The whole listing is to be restated, character for character.

— Recorded data —

##########

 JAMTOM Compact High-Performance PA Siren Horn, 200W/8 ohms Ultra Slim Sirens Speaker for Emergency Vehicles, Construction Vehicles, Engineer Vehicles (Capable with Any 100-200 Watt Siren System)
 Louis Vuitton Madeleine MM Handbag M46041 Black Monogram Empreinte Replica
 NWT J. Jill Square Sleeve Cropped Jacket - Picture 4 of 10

##########

— Solution —
 JAMTOM Compact High-Performance PA Siren Horn, 200W/8 ohms Ultra Slim Sirens Speaker for Emergency Vehicles, Construction Vehicles, Engineer Vehicles (Capable with Any 100-200 Watt Siren System)
 Louis Vuitton Madeleine MM Handbag M46041 Black Monogram Empreinte Replica
 NWT J. Jill Square Sleeve Cropped Jacket - Picture 4 of 10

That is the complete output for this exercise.